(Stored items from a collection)

━━━━━━━━

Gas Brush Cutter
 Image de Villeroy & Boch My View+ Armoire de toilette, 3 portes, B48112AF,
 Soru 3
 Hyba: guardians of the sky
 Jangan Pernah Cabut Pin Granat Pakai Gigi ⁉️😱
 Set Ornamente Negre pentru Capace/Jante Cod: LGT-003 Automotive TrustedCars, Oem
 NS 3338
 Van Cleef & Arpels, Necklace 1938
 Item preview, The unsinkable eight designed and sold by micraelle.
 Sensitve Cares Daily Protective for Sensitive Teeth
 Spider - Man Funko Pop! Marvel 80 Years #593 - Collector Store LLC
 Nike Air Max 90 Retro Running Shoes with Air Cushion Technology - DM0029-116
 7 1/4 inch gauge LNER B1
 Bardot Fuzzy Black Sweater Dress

━━━━━━━━

◆ **Task brief**
Output the records above exactly as written.

◆ **Result of the task**
Gas Brush Cutter
 Image de Villeroy & Boch My View+ Armoire de toilette, 3 portes, B48112AF,
 Soru 3
 Hyba: guardians of the sky
 Jangan Pernah Cabut Pin Granat Pakai Gigi ⁉️😱
 Set Ornamente Negre pentru Capace/Jante Cod: LGT-003 Automotive TrustedCars, Oem
 NS 3338
 Van Cleef & Arpels, Necklace 1938
 Item preview, The unsinkable eight designed and sold by micraelle.
 Sensitve Cares Daily Protective for Sensitive Teeth
 Spider - Man Funko Pop! Marvel 80 Years #593 - Collector Store LLC
 Nike Air Max 90 Retro Running Shoes with Air Cushion Technology - DM0029-116
 7 1/4 inch gauge LNER B1
 Bardot Fuzzy Black Sweater Dress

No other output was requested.